WHAT IS REQUIRED —
Repeat only the lines below from the one containing "Free Diagonal Stripe" through the one containing "Take Two By", inclusive, exactly as written.

DATA FOR REVIEW —

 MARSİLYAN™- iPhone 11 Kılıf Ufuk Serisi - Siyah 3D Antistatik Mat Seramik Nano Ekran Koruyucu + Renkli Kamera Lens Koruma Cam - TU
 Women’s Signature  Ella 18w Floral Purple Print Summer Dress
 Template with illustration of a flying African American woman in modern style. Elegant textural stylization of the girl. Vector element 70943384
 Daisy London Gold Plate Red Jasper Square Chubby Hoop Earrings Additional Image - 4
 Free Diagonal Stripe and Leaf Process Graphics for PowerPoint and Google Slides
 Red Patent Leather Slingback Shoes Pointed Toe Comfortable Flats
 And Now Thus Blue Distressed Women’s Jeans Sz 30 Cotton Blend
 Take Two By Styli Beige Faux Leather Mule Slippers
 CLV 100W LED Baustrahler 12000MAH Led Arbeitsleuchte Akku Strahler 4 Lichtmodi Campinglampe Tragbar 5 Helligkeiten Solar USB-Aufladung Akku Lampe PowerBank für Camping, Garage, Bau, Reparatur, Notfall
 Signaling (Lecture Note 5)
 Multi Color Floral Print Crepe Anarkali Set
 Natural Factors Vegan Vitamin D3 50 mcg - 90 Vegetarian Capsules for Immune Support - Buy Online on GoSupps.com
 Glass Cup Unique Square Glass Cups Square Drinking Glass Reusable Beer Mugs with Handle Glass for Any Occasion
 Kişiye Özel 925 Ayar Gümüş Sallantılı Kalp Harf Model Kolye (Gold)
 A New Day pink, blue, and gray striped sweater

WRITTEN ANSWER —
 Free Diagonal Stripe and Leaf Process Graphics for PowerPoint and Google Slides
 Red Patent Leather Slingback Shoes Pointed Toe Comfortable Flats
 And Now Thus Blue Distressed Women’s Jeans Sz 30 Cotton Blend
 Take Two By Styli Beige Faux Leather Mule Slippers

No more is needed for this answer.